Hi all,
I am doing a shader for SSR and a value can be input to allow the user to increase/decrease the ray count
this is then used to do a while loop and at each iteration the ray steps along i am using [unroll(100)] for the 100 loop steps etc
now when i hard coded some values i got the results
50 loop steps it took 40 seconds to compile
100 loops steps took 7 mins to compile
I am just wondering is this normal and I know once i have finished working on this I want to put this into its own shader and compile a .cso and load in at runtime rather than compile at runtime to stop the long times
But then if my main shader does an include to another shader (where i aim to put the loop code) I cant see how i can compile it as a .cso and include it in or does the shader at compile time go into the include and process that all again?
Im happy to share code if needed and im running on a NVidia 980M laptop
Thanks
Shader Slow Compile Times
It does not really make sense to unroll a code like that. At best you may want to have a dynamic loop over a little unroll[4]. Unrolling a crazy loop with frustrate any compiler and is unlikely to give you a performance improvement anyway.
The tricky part is to get sampling right as branching may give some issues with derivatives. You will either have to rely on samplegrad or in the future use some ballot in sm6 to keep all the threads alive for uv computation if some are actives for sampling.
And no, you cannot pre-compile your function. Every shader that will use it will take the same time to compile. !
50 loop steps it took 40 seconds to compileThat's a known bug in some versions of the HLSL compiler :(
100 loops steps took 7 mins to compile
As above, FWIW, looping is very slow on DX9 level hardware, and somewhat slow on DX10 level hardware, but it's extremely fast on most DX11 level hardware.
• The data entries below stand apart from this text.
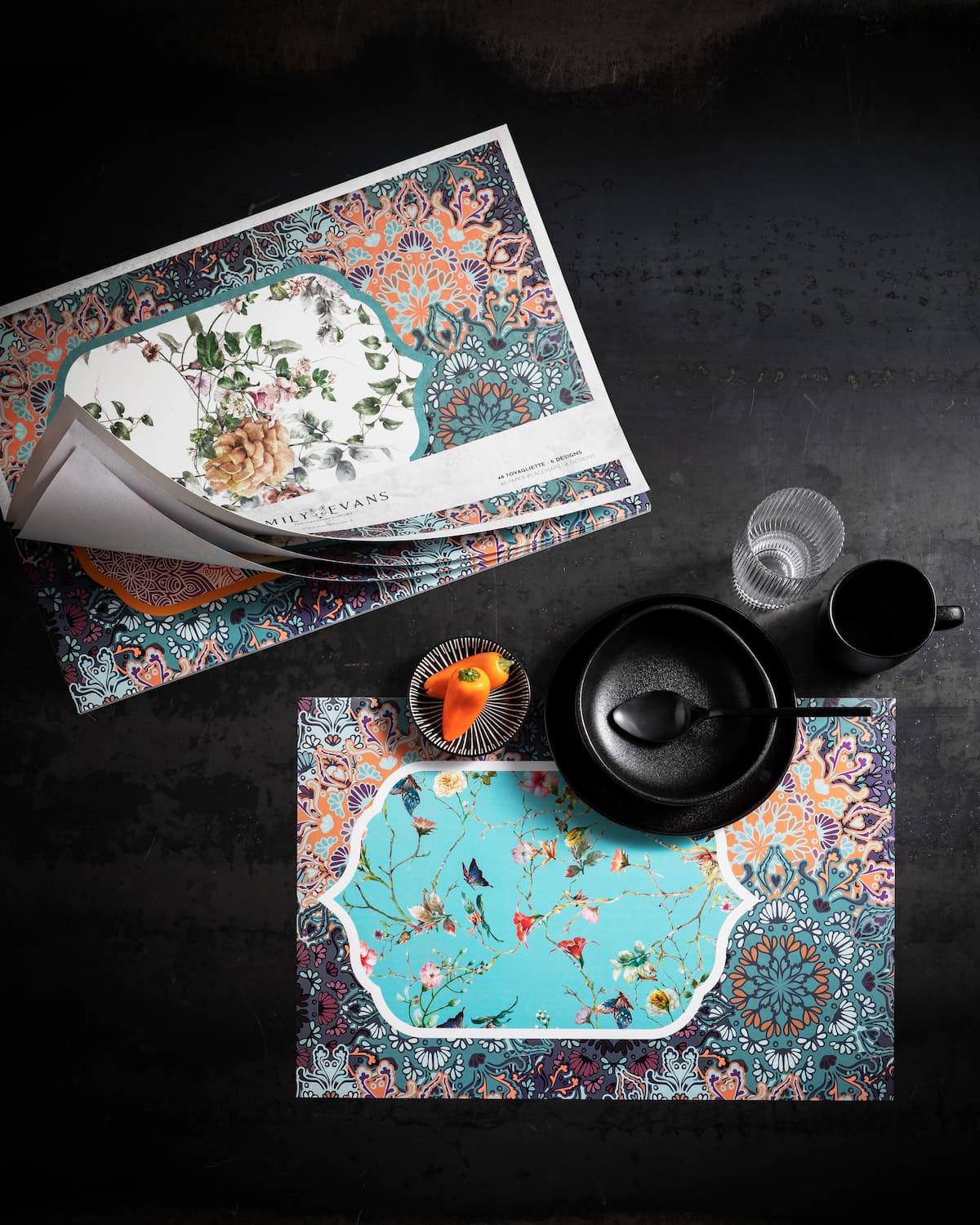 tovagliette in blocco di carta ambientate su tavolo nero, grafica floreale azzura blocchi fiori azzurro bianco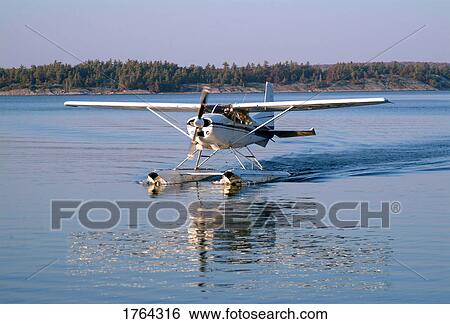 Stock Photograph - A float plane on water. Fotosearch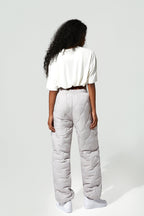 A model shown from the back wearing light gray quilted puffer pants, a white short-sleeve top, and white sneakers against a plain light gray studio background.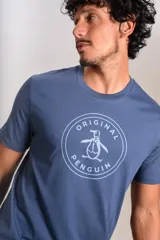 Remera de cuello redondo y manga corta, color azul, con estampado circular en el pecho que incluye el logo de la marca Original Penguin.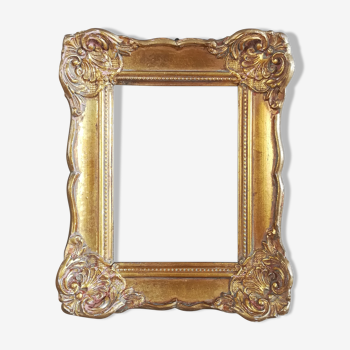 Patinated golden frame in wood and stucco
The only slowness comes from divergence in the loop condition between threads, which is not fixed by unrolling.
e.g. AMD GPU's have a separate scalar unit per shader core which is used to perform branching tasks in parallel with the main workloads, so often branching has no cost at all thanks to dual-issued instructions.
I will put my code up later after I have slept and if it is possible to get some advice on the mistakes I'm doing within the shader that could slow it down
Thanks